GVM Metals on Thursday finalised the deal to buy the soft coking coal opencut coal deposit, which will give it the prospecting right to 8662 hectares. The South African coal miner will acquire a 74% interest in the permits through the issue of almost 21 million shares.
GVM said the existence of coal in the area had been known since the turn of the twentieth century, although no real exploration occurred in the region until Southern Sphere Mining and Development, a division of Utah Mining, undertook a detailed exploration program in the late 1970s and early 1980s.
Most of the original borehole data from the exploration has now been lost. The project was abandoned in the 1980s with the disinvestment of Utah Mining from South Africa, the sale of Southern Sphere assets, and low coal prices.
GVM said a competent persons report had been prepared and was based largely on a feasibility study of one of the four farms in the area undertaken by Southern Sphere in 1983. The report showed an inferred resource of 352 million tonnes with a life of mine strip ratio of less than 5:1 (five bank cubic metres waste to one tonne of coal).

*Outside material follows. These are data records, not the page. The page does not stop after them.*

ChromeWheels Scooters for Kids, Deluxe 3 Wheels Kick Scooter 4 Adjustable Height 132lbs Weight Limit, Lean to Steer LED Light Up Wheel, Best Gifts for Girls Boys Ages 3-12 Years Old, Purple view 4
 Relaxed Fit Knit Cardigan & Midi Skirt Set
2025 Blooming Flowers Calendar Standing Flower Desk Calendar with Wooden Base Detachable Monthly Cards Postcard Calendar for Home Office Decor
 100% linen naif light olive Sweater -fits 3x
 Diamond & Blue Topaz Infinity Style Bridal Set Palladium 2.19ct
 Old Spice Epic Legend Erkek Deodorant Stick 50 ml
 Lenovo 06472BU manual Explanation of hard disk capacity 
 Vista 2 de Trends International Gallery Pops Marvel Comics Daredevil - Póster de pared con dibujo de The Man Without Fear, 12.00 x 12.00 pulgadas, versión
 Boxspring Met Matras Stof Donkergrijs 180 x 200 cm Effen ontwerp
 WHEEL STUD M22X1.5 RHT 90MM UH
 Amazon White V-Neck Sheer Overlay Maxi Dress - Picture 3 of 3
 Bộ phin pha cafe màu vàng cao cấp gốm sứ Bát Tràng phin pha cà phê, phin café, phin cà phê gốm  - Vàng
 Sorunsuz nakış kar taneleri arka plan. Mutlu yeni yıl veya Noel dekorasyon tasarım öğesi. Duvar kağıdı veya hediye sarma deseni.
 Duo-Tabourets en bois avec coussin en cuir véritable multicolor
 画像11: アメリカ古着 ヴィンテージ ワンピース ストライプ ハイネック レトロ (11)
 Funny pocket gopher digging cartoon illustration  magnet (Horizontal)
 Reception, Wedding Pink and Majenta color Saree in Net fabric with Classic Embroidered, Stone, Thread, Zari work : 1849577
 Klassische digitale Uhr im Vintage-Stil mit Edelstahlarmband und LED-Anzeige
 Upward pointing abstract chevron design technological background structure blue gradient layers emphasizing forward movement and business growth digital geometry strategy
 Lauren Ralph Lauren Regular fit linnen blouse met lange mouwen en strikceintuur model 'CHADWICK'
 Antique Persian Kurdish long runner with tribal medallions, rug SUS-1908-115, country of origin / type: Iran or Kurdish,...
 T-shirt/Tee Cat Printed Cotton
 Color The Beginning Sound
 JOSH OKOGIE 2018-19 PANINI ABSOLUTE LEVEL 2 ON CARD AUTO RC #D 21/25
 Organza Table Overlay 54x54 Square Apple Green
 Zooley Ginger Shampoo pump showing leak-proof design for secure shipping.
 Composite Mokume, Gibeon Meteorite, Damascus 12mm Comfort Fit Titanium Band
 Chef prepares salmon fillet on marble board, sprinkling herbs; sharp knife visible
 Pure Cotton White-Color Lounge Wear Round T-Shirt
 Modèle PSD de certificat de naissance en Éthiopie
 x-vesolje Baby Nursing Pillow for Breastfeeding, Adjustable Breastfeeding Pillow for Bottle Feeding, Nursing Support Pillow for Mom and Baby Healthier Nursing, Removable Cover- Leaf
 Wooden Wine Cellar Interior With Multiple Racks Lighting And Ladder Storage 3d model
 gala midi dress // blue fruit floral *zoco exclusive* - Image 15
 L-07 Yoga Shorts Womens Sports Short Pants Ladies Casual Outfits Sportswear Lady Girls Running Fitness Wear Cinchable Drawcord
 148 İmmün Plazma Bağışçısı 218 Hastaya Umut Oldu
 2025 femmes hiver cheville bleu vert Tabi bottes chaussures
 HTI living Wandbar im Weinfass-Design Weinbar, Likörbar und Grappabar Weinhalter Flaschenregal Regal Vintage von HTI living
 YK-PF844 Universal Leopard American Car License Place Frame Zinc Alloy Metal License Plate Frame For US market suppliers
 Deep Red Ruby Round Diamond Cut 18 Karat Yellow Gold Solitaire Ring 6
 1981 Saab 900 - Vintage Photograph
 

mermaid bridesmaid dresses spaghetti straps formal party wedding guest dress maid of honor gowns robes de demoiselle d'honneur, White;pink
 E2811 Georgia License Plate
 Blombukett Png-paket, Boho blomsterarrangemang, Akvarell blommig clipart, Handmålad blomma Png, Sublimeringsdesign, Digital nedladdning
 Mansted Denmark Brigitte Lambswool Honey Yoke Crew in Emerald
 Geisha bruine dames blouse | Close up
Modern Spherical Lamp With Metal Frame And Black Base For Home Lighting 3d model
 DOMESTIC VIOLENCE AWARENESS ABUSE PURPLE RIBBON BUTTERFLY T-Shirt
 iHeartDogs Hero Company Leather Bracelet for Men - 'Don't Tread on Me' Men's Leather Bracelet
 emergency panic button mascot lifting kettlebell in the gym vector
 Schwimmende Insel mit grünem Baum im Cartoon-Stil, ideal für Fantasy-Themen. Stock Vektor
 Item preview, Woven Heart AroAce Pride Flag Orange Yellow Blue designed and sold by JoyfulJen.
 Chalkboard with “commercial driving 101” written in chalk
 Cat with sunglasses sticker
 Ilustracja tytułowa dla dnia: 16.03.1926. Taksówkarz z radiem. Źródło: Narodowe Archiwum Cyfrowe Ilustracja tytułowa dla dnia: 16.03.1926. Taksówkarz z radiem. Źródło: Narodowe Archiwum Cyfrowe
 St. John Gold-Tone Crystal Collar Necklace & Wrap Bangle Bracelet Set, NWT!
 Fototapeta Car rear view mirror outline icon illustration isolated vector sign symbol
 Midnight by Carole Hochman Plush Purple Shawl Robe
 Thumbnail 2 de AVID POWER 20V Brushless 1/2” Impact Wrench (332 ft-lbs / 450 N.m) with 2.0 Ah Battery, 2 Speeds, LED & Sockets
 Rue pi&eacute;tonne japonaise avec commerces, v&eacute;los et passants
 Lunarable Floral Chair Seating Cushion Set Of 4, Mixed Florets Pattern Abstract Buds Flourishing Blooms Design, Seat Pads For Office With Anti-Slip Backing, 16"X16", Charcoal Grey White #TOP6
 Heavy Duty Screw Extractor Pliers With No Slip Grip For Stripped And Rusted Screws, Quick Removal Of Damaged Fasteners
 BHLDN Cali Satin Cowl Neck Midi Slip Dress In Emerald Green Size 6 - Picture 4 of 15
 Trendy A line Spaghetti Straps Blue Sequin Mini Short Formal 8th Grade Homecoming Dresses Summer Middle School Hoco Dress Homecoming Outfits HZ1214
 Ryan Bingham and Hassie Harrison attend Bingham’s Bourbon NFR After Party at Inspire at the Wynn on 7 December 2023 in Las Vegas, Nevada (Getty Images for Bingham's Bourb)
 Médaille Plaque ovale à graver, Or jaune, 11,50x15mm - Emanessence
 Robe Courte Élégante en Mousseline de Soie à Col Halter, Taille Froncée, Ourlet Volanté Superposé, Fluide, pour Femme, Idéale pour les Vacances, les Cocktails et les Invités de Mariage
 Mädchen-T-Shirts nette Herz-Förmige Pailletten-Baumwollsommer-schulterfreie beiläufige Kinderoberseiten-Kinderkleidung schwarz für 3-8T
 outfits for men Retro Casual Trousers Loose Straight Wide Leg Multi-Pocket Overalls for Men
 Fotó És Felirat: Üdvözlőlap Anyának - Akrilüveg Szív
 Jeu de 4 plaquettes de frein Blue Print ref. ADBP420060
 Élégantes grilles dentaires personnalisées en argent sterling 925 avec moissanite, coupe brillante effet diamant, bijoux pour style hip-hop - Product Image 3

GVM said the coal seams extended into the adjoining farms and it believed the resource would be “substantially increased in time”
The project is 50km north of Rio Tinto’s Chapudi Coal Project and 40km west of the main Zimbabwe to South Africa railway line, which connects to Richards Bay and the Mozambique port of Maputo.
GVM said the ability to sell the middlings/steaming coal to a proximate power station would substantially improve the economics of the project.
“The Limpopo area is seen by many as the new coal province of South Africa and GVM intends to become a major participant of that development,” the company said.
GVM will now conduct a drilling program to bring the resource to measured status.
Company shares were trading up 11% at 49c midday on Thursday.